Ancak burada temel mesele, ülke ekonomisinin sermaye
akımlarına duyarlılık seviyesinin çok yüksek olmasıdır. Kredi değerlendirme
kuruluşlarının aldığı kararlar eleştirilebilir. Zira bu kuruluşların verdiği
hatalı kararlar, 2008 krizinin patlak vermesinde etkin olan finansal mimarinin
önemli bir parçasını oluşturuyordu. Ancak neden kredi derecelendirme
kuruluşlarının kararlarına bu kadar hassas bir ekonomik yapımız var diye
sormadan, sadece bu kuruluşların aldığı kararları eleştirmek yetersiz kalıyor. Zira
Türkiye ekonomisinin sorunları 15 Temmuz yaşanmasaydı da sürecekti.
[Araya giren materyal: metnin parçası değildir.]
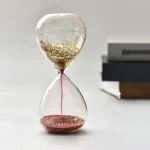 Dekorative Sanduhr mit goldenen Partikeln und rotem Sand, ideal als wissenschaftliches Dekorationsstück oder Geschenk.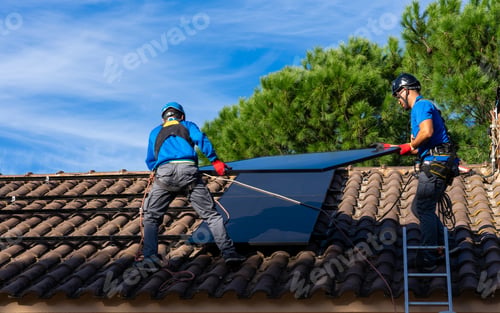 Preview: Solar panel installers working on the roof of a house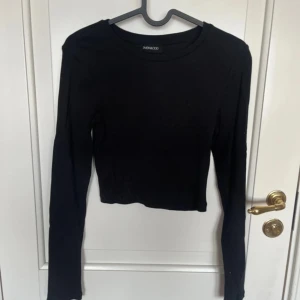 Svart ribbad långärmad topp Even&Odd - En svart, croppad långärmad topp från Even&Odd. Toppen är ribbad och har en rund halsringning. Perfekt att styla med höga jeans eller kjol för en clean look.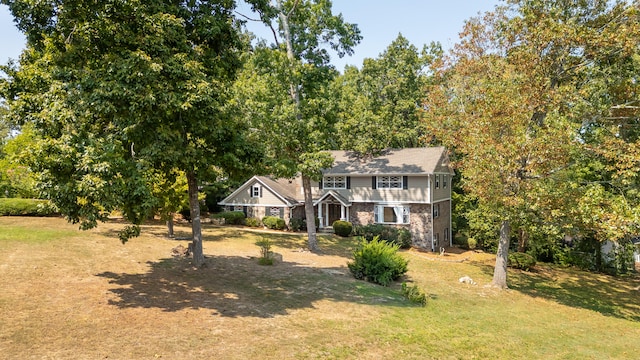 view of front of property with a front lawn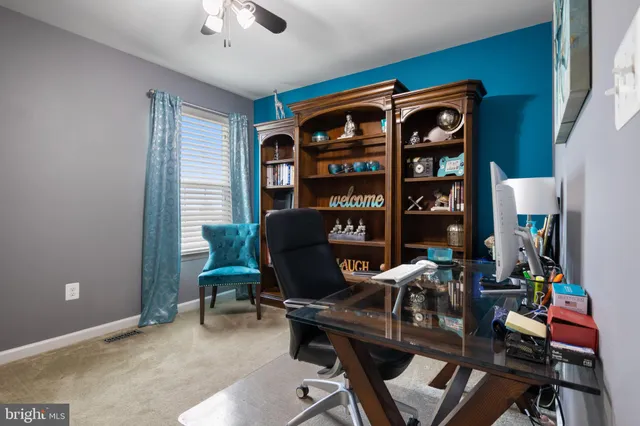 a view of a workspace with furniture and a window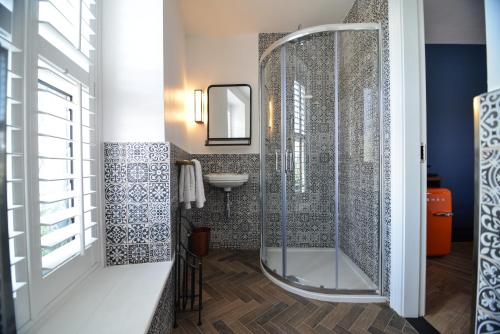 a bathroom with a shower, sink, and toilet at the Continental Boutique Residence in Galway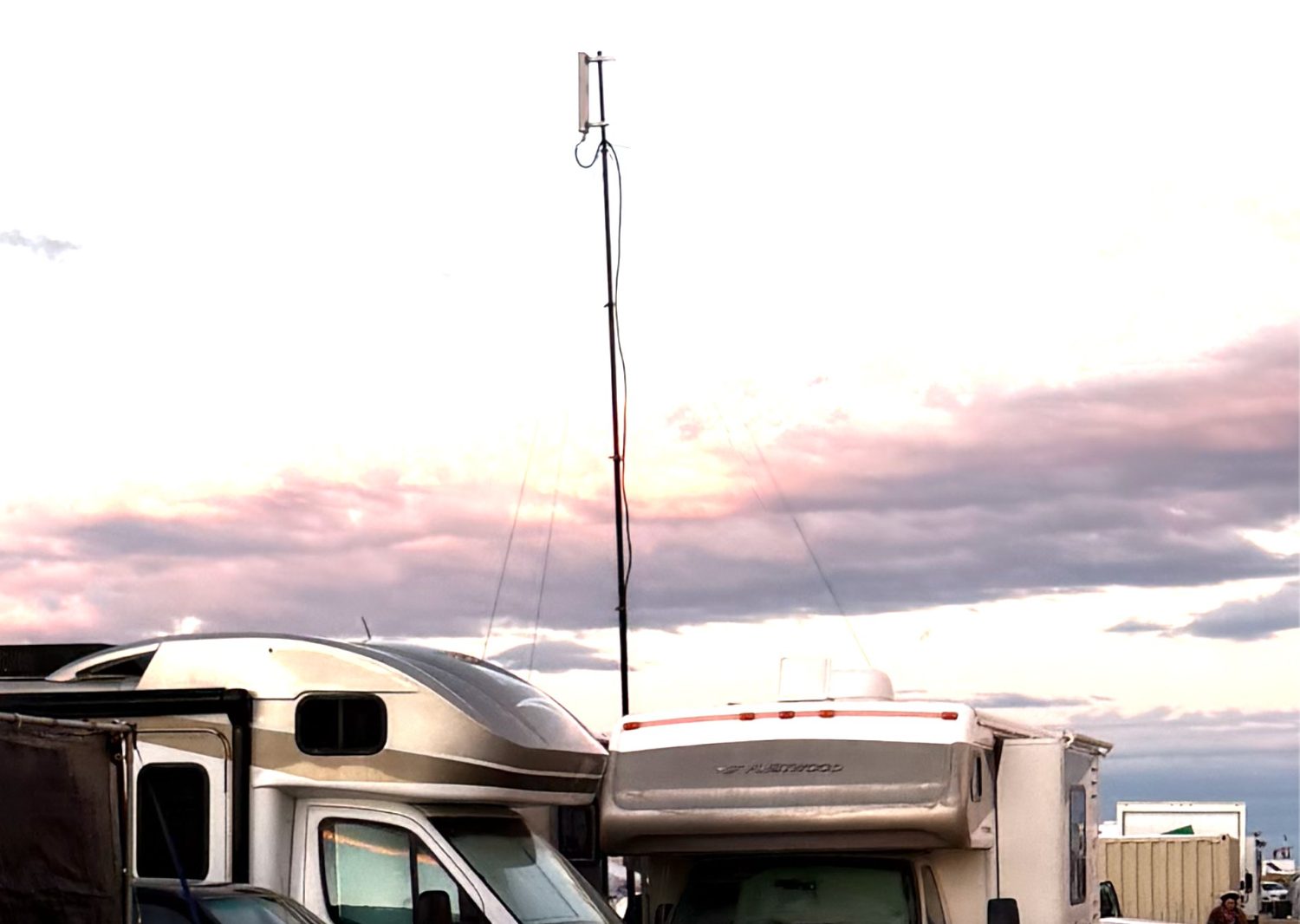 The sector antenna at the top of the mast at dusk, raised about 35 feet above the camp on the open playa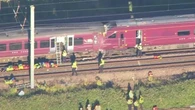 One killed and dozens injured as trains collide in UK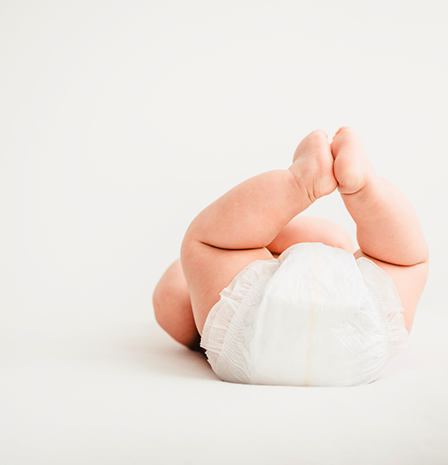 Baby in white clothing holding delicate white baby's breath flowers in front of a light background.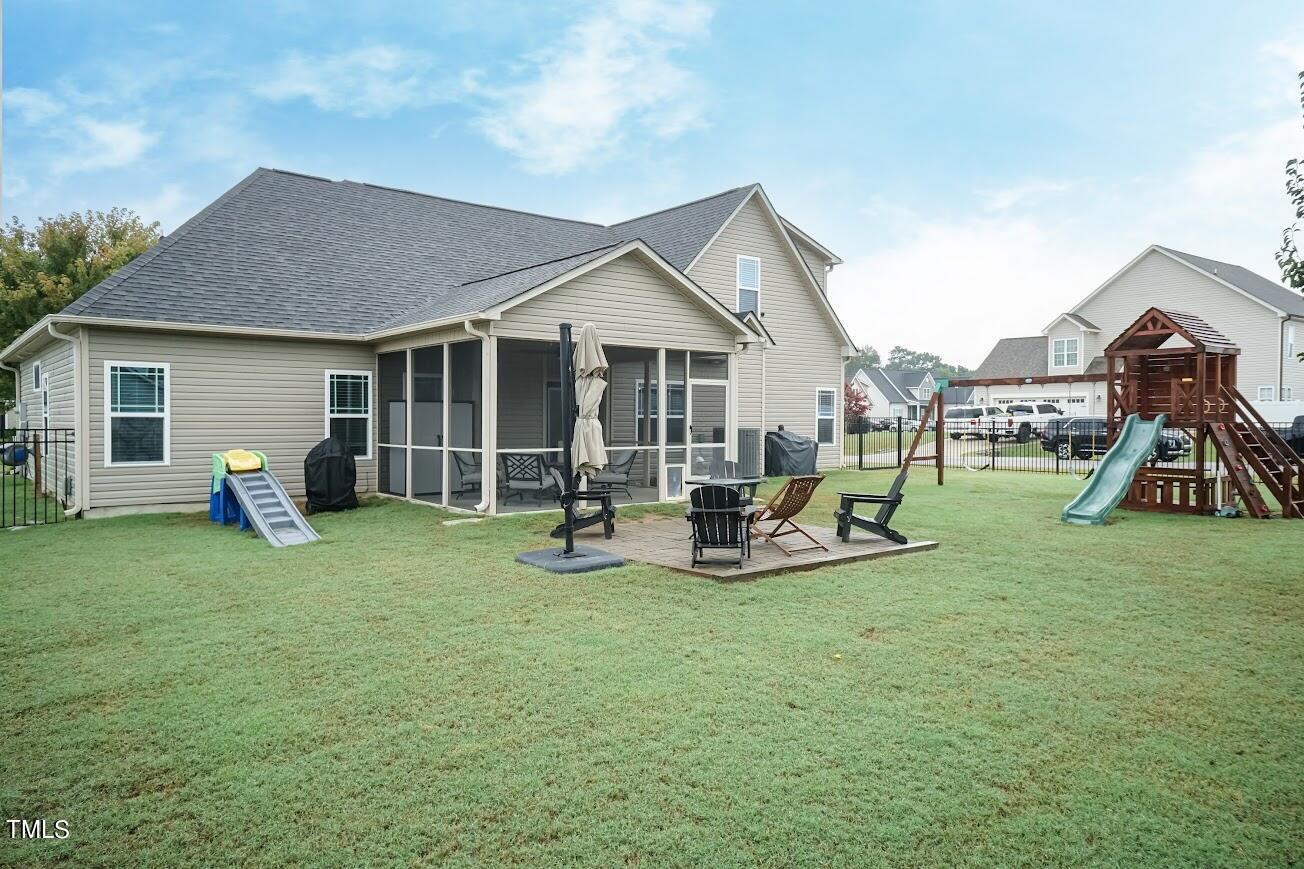 91 Colson Drive Garner, NC 27529 - Photo 45 of 46 a view of a house with backyard and porch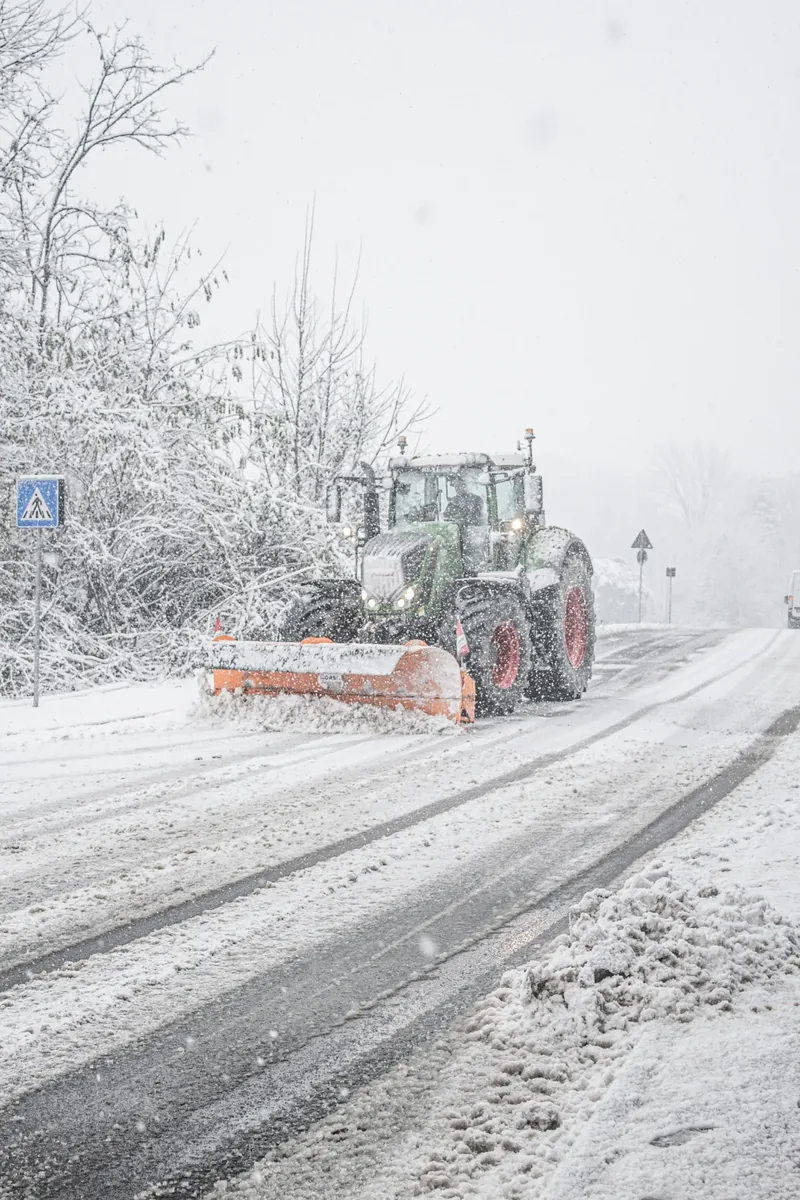 Traktor mit orangem Schneepflug räumt bei Schneefall eine Straße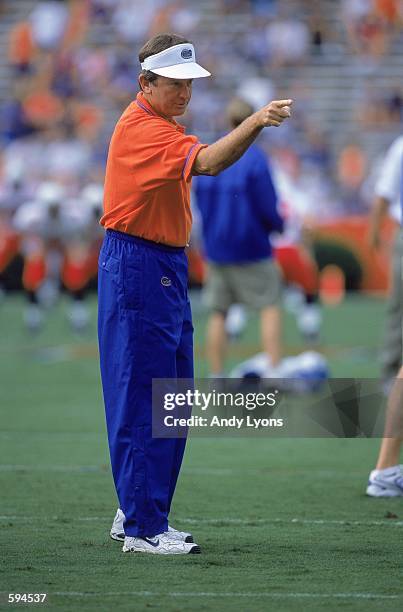 Head Coach Steve Spurrier of the Florida Gators points on the field in practice before the game against the Ball State Cardinals at Florida Field in...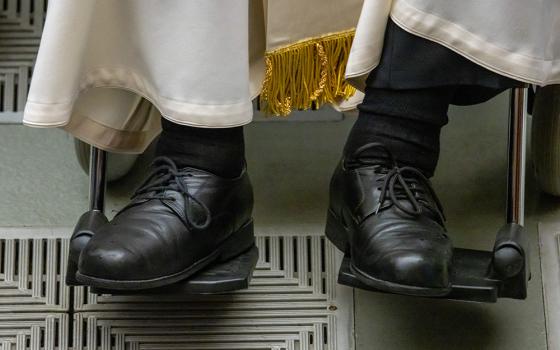 Pope Francis' shoes are seen in a photo as he greets visitors during his weekly general audience in the Paul VI Audience Hall at the Vatican May 1, 2024. (CNS/Pablo Esparza)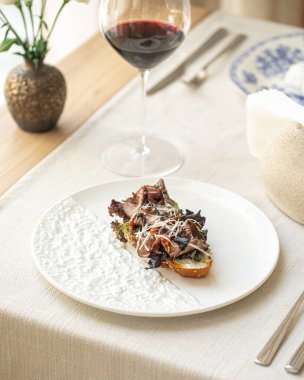 Rosto, biftek ve beyaz tabakta yeşil şarap.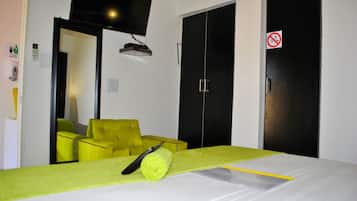 A hotel room with a bed, a yellow armchair, a television mounted on the wall, and a door with a no-smoking sign.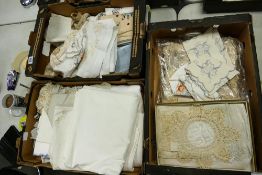 A large collection of Lace & embroidered items including table cloths, place mats, doylies etc(3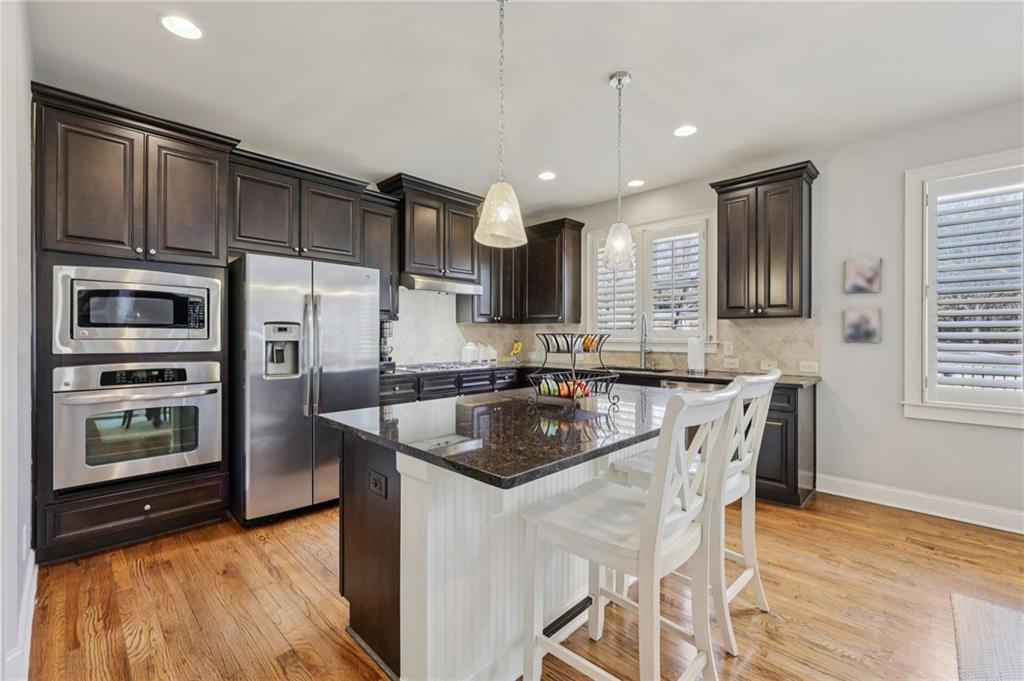 5775 Cascade Trail Cumming, GA 30040 - Photo 12 of 49 a kitchen with stainless steel appliances granite countertop a sink refrigerator and microwave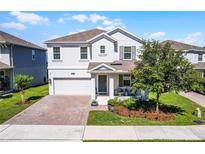 Charming home with a brick driveway and front porch seating at 1123 Dora Parc Ln, Mount Dora, FL 32757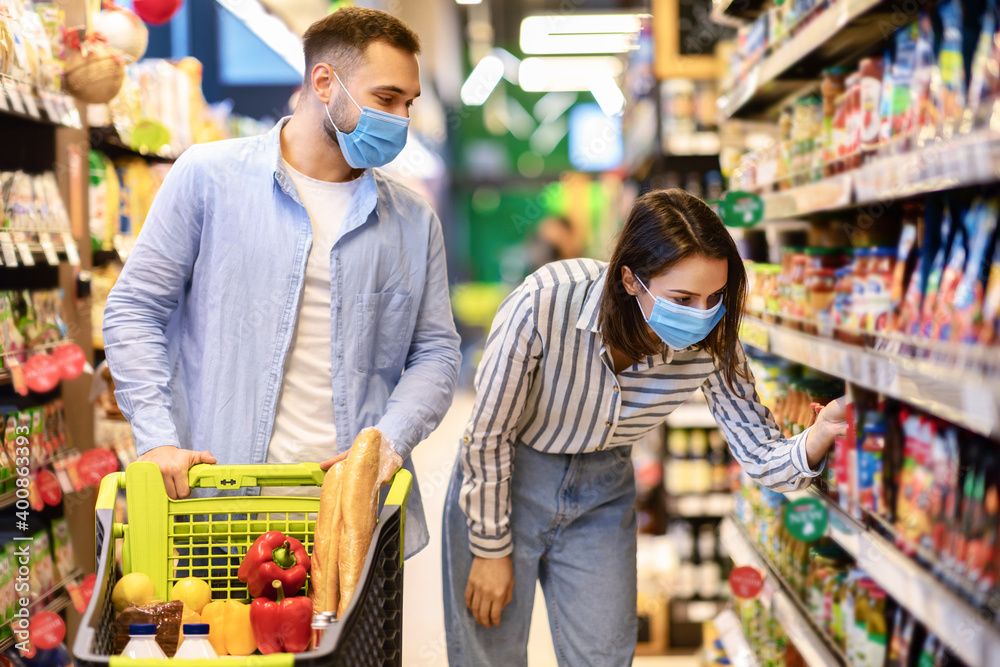 Young couple in face masks shopping in supermarket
Son olarak bir hatırlatma yapayım: bir ülkenin yabancı
yatırımcı açısından "yatırım yapılabilir" olması için pek çok faktör
önemli. Ve o ülkenin "demokratik" olup olmaması, bu faktörlerden
sadece biri. Çokça kafa karıştıran bu konuyu işlemeye devam edeceğim.
---------------------------------------------------------------------------------------------------------------
Bu yazı 08.08.2016 tarihinde Gazete Duvar’da yer
aldı.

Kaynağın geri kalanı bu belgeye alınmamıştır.